Religious studies 'skewed', High Court told
The government has "skewed" religious studies teaching in England by excluding non-religious beliefs from the new GCSE, the High Court has heard.
Three families were seeking judicial review of the government's decision to give priority to religious views in the new course, due to be taught from 2016.
But government lawyers argued equal consideration for religious and non-religious views is not required by law.
Mr Justice Warby said he would give his judgement at a later date.
Changes to the content of religious studies GCSE, announced in February, sparked complaints at the sidelining of non-religious world views, with former Archbishop of Canterbury Rowan Williams among 28 religious leaders who urged the government to rethink its decision.

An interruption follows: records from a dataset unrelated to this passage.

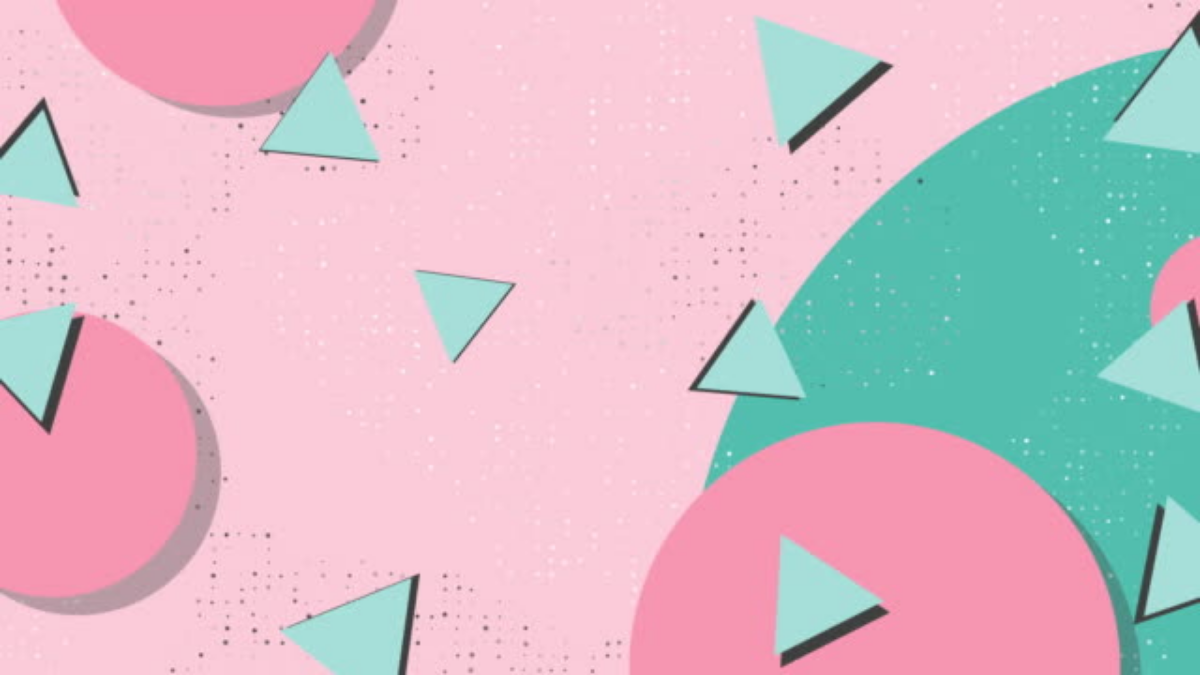 50 Best CSS Background Patterns for You – WebTopic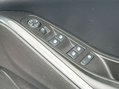 Vauxhall Grandland X 1.6 Grandland X Sport Nav TD S/S 5dr *NATIONAL DELIVERY* 46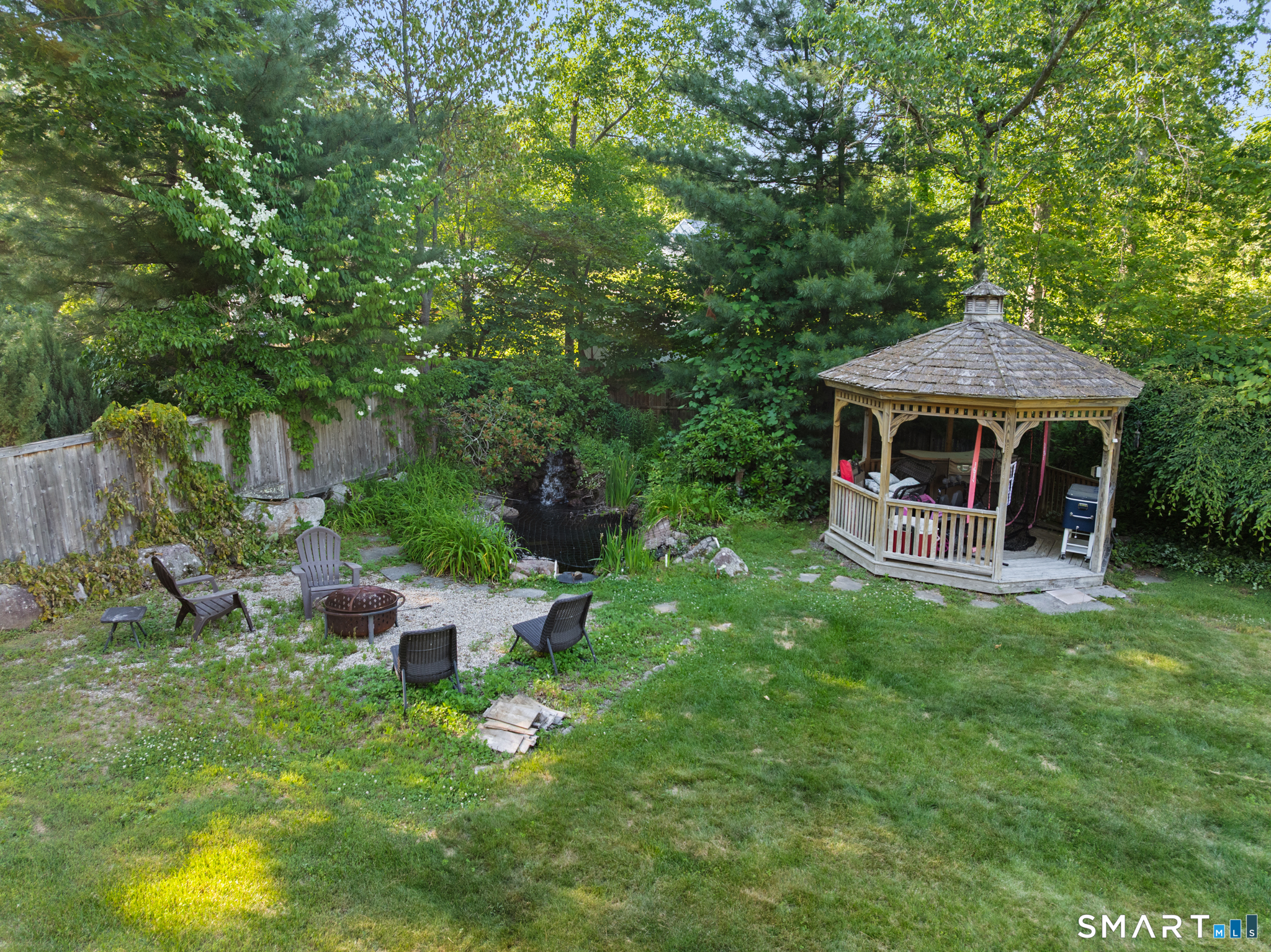 169 Tom Swamp Road Hamden, CT 06518 - Photo 36 of 40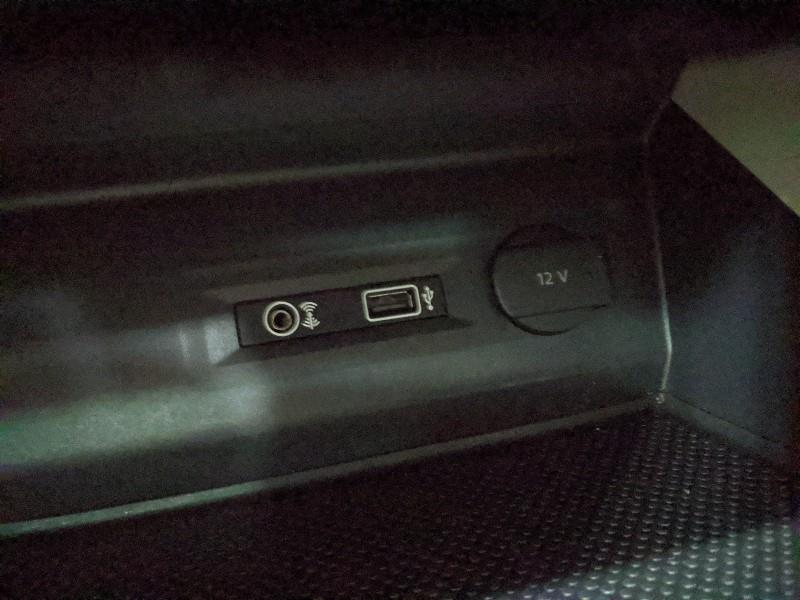 2019 Volkswagen Atlas 3.6L V6 SEL, available for sale in Maple Shade, New Jersey | Car Revolution. Maple Shade, New Jersey 2019 Volkswagen Atlas 3.6L V6 SEL, available for sale in Maple Shade, New Jersey | Car Revolution. Maple Shade, New Jersey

The three families argue that Education Secretary Nicky Morgan has taken an unlawful approach to the subject and is failing to reflect the pluralistic nature of the UK.
Their QC, David Wolfe, told the High Court there was widespread concern "about the secretary of state's failure to comply with her duty of neutrality and impartiality as between religious and other beliefs".
But lawyers for the education secretary argued neither statutory provisions nor the European Convention on Human Rights requires equal consideration to be given to religious and non-religious views in the curriculum.
They said that although some schools rely on the religious studies GCSE to discharge their duty to provide religious education for 14- to 16-year-olds, provision has been made for non-religious beliefs to be studied and a school's curriculum is a matter "for local determination" by individual school authorities.
The three families come from Cumbria, Kent and Somerset.
The case is backed by the British Humanist Association.